An interview in a Sunday newspaper with the development minister, Vasso Papandreou, in 1998 bore the title “Fighting the scourge of casinos.” It was in the third year of Costas Simitis’ first term as prime minister, and the issue of casino licensing was becoming a serious headache for the governing PASOK party.

Although licenses were granted for different parts of Greece, public opinion was focused on a plan to grant a license for the first casino within the metropolitan Athens area, which was to be located in Flisvos, an area in the southern seaside suburb of Paleo Faliro. The license was eventually revoked, even though it had been given the green light in Parliament by both PASOK and New Democracy, the main opposition party at the time.

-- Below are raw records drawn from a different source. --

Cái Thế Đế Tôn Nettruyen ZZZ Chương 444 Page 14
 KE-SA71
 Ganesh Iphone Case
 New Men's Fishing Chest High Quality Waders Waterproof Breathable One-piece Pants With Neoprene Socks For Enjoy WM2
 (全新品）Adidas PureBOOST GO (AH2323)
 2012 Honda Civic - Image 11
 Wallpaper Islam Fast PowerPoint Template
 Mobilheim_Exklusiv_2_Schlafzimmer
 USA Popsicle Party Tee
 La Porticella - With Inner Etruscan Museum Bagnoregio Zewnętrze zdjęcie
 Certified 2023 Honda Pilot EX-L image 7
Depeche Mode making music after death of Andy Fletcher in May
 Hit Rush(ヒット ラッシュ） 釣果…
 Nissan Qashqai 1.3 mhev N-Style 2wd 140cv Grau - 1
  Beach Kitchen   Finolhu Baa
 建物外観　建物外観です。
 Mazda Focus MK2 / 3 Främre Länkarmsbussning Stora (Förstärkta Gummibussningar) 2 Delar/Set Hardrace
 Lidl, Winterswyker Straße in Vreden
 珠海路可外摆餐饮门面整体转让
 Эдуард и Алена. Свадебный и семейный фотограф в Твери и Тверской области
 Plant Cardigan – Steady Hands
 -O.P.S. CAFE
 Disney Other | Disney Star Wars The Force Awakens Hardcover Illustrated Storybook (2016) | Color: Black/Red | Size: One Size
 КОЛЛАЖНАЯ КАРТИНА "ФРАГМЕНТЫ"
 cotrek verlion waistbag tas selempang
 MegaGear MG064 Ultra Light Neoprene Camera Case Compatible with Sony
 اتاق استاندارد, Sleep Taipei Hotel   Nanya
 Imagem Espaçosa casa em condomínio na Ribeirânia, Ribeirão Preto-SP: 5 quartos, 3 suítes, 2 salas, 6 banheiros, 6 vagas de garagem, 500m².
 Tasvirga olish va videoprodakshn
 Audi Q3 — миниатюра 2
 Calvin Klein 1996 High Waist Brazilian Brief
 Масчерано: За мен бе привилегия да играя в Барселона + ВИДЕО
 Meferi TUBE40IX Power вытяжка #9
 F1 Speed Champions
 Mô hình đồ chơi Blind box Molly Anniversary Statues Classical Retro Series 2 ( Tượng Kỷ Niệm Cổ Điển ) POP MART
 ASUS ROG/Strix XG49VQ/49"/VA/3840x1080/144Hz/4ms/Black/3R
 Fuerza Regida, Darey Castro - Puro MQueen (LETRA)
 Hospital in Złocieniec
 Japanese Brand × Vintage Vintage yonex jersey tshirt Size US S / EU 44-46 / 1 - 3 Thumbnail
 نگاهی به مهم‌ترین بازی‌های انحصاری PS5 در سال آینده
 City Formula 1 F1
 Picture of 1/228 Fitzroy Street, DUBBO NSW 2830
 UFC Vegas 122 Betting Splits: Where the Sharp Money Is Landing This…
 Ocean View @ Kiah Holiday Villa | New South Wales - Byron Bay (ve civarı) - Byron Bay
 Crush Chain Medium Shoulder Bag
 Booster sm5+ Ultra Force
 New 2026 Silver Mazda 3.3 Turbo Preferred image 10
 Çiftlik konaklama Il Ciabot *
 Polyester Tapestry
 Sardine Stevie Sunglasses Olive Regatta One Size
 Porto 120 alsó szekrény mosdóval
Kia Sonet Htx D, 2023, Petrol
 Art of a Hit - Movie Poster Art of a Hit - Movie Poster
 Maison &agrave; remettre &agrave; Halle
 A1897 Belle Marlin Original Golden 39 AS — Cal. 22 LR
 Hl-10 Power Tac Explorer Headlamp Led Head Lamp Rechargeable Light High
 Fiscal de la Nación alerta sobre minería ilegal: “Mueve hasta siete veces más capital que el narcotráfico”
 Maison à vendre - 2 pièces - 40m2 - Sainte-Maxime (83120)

For more than half a century, the operation of casinos within residential areas in the capital had been a taboo for Greek society, but also for the country’s political establishment, which believed that an easy-to-reach casino would constitute an unnecessary temptation for Athenians vulnerable to gambling.

Changing sentiment

The shift in sentiment came in 2017, paradoxically during the coalition government of leftist SYRIZA and its right-wing partner Independent Greeks (ANEL), when a legislative amendment made it possible for the Regency Casino Mont Parnes to be relocated from Mount Parnitha into the city. The aim was to address the increasingly difficult traffic problem on the road to the casino and the unfair competition that would inevitably emerge once a new casino opened at the massive residential, business and leisure complex being developed on the site of the former international airport at Elliniko, a suburb on the capital’s southern coast.